Supervision of trade conditions was one of the many duties of the Justices. The markets had to be supplied with wholesome meat, but even this could not be sold during Lent, on fast days, or on Sundays. It seems doubtful whether the laws on this subject were entirely due to religious influences, or whether they had been introduced by persuasion of fishmongers, who were an extremely powerful body and supported the seafaring trade.

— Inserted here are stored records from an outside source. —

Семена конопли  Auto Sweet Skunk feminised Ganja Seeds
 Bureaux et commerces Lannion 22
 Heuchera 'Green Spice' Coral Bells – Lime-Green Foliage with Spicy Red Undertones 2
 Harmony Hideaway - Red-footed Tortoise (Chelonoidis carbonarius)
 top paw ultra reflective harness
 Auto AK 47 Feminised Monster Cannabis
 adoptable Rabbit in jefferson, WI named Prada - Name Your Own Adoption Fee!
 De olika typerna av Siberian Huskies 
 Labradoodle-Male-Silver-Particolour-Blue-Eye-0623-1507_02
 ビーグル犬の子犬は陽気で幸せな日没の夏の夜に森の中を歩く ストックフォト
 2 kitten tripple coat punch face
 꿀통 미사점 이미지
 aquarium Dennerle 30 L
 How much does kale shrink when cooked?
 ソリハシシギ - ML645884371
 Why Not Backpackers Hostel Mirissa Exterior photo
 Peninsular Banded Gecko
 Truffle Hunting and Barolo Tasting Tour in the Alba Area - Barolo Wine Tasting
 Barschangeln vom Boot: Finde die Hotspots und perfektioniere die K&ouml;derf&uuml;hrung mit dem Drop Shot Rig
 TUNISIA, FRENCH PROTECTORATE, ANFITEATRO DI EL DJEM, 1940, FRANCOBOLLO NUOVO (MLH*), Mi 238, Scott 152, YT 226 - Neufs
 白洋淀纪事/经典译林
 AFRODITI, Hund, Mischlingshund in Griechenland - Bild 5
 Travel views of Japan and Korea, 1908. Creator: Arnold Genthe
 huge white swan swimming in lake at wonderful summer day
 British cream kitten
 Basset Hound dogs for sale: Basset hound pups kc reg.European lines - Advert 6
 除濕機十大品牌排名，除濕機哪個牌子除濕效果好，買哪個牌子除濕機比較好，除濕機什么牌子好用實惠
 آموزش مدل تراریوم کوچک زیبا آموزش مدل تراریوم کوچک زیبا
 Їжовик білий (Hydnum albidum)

By encouraging the consumption of fish the inhabitants of coastal towns would be induced to become sailors, and thus increase the number of potential recruits for the rapidly growing Navy.
Five Smithfield butchers were charged with selling meat on the Sabbath and with killing unwholesome meat (p. 3), and twelve butchers of Osulstone hundred were outlawed for killing and selling flesh meat during Lent (p. 179). Thomas Gibbes of Marylebone was bound over for selling "mesell (fn. 2) pork" in the market "being unwholesome meat" (p. 84). An inhabitant of Fulwood's Rents was ordered to remove his slaughterhouse, as it caused a nuisance (p. 144).
The Justices tried to convict William Redman, described as a gentleman of Ratcliffe, of selling divers gallons of milk by a certain false quart measure "to the deceipt of his Matie subjects and contrarye to his bargaynes", but they failed, because the indictment was found to be insufficient in law (p. 302).
George Heath, a baker of Westminster, and Dorothy Tymon of Kensington, were fined for selling seven loaves of white bread each 2 oz. short in weight, ten loaves of wheaten bread also 2 oz. short, and three loaves of household bread each 1 oz. short (p. 93).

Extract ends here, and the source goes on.